By picturing the physicality of artificial intelligence within the Better Images of AI repository, with the contributions of Catherine Breslin and Fritzchens Fritz, we hope to foster more accurate representations of these emerging technologies.
Picturing Silicon
Catherine Breslin
Silicon is a crucial component of AI manufacture. A block like the one pictured here would be sliced into 12 inch diameter wafers to form the base of CPUs. Picturing silicon visually illustrates that the ‘mining’ of AI is not purely metaphorical (e.g. data mining) but also a literal, material undertaking. Catherine Breslin, the photographer, operates within the AI supply-chain first-hand in her work as a machine-learning voice engineer and consultant, previously involved in the production of Amazon’s Alexa.
GPUs, etched.
Fritzchens Fritz
The GPU (Graphics Processing Unit) is an essential part of modern AI infrastructure. It’s a special type of chip or electronic circuit, originally designed to process images and render graphics and now used for other computational tasks, including training neural networks in deep learning. Die-shots are close-up photographs of computer chips, from which the “packaging“ is removed, usually by undergoing a quite dangerous etching process involving sulfuric acid and high temperatures. The artist has used a combination of external light sources, polarising filters on the camera lense and image post production to create the colourful effect, capturing with this shot three NVIDIA Turing Chips (TU104, TU106, TU116).
Why these images?
Tania Duarte, who coordinates the Better Images of AI collaboration, explains why the project has elected to commission and include these images as part of their repository:
“All too often we see images of AI in virtual, holographic forms, or find ourselves repeatedly presented with circuit brains in shiny 3D outlines suspended in blue space. These images of AI can make the technology seem intangible and ungovernable; something removed from real-world origins and consequences, perhaps even magical.

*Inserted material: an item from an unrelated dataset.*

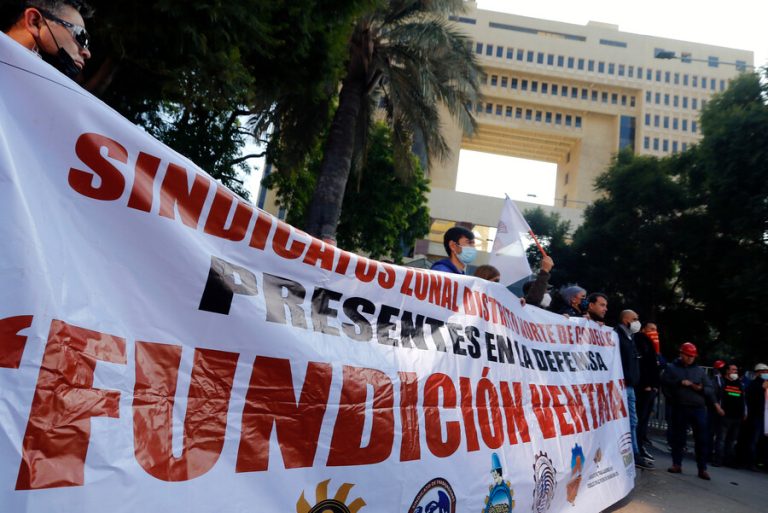 Trabajadores contratistas de Codelco en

Catherine Breslin’s striking silicon rock images show the materiality of AI, and allude to the environmental impact: the physical reality of extracting natural resources for the industry and its toll on people and the planet. It also showcases the stunning beauty of the natural rock, in an iconic image echoing the shiny sci-fi robots in representations of AI, but falling much closer to its physical reality.
The next images of GPUs – made from silicon, are fascinating in that they show a further stage in the production of the hardware which enables AI systems. They are also visually compelling, showing a vibrant use of colour much more reflective of the many outputs of AI, and makes me wonder why in trying to make AI exciting, organisations use such limited and cliched colour palettes.”